I was basing it upon the latest version of Ubuntu.
What exactly is so hard to use about Ubuntu, and what exactly is so unattractive about
this desktop? My first impression of ubuntu, which happened to be the first distro I tried, was the exact opposite: attractive and with immediately intuitive interface conventions. Once you learn the shortcuts and the extra functionality that Gnome has -- such as extra workspaces and one click copy and paste -- it becomes really difficult to see how the Windows GUI is in any way superior. That isn't to say Windows is bad, just that I don't see how Gnome or KDE is in any worse.
No. I dealt with CLIs back in the DOS days but I really have no interest going back to that. They may be more efficient for some tasks but that goes in the exact opposite direction of a user friendly experience.

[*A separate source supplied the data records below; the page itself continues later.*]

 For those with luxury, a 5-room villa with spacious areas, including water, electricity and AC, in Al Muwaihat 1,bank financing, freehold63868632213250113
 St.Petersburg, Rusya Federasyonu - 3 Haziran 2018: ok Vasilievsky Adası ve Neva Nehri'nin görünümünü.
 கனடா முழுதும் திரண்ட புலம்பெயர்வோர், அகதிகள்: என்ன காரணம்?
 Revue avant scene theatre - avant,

You seem to be making the argument that user-friendliness is superior to utility. A simple tool, while easier to learn, has fewer uses than a complex tool. The reality is that while GUI's are easier to learn, they are by definition less useful. Rather than telling the computer what to do, the computer presents you with options and you pick among them. Now those options have to be limited, otherwise the GUI quickly becomes cluttered and is no more user friendly than the CLI. You simply can't do as much, as well, and as fast with the GUI as you can with the CLI.

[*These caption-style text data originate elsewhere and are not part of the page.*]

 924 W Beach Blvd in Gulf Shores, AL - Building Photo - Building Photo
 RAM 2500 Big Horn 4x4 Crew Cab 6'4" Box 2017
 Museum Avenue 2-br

So why the Unix CLI over DOS? Features like job control (if you think multitasking is limited to GUIs, you are wrong), pipelines, input/output redirection, advanced scripting capabilities, work environment customization, online reference, and command completion make the Unix CLI dramatically more powerful than DOS. It's even easier to use in my opinion -- again, Unix is hard to learn but very easy to use. Plus, it's just plain fun.
Again, nearly all serious computing -- whether it be the infrastructure of the internet, financial computing, scientific research, military networks, etc. -- occurs on Unix/Linux and there is a reason for that. For your average office worker who just needs to use Office and send email, Windows is perfectly adequate, and maybe even preferable. But if you really want to access the power of your computer, and really want a tool that complements your own brain when it comes to solving problems, then Unix/Linux, and particularly the Unix/Linux CLI and utilities, is the way to go.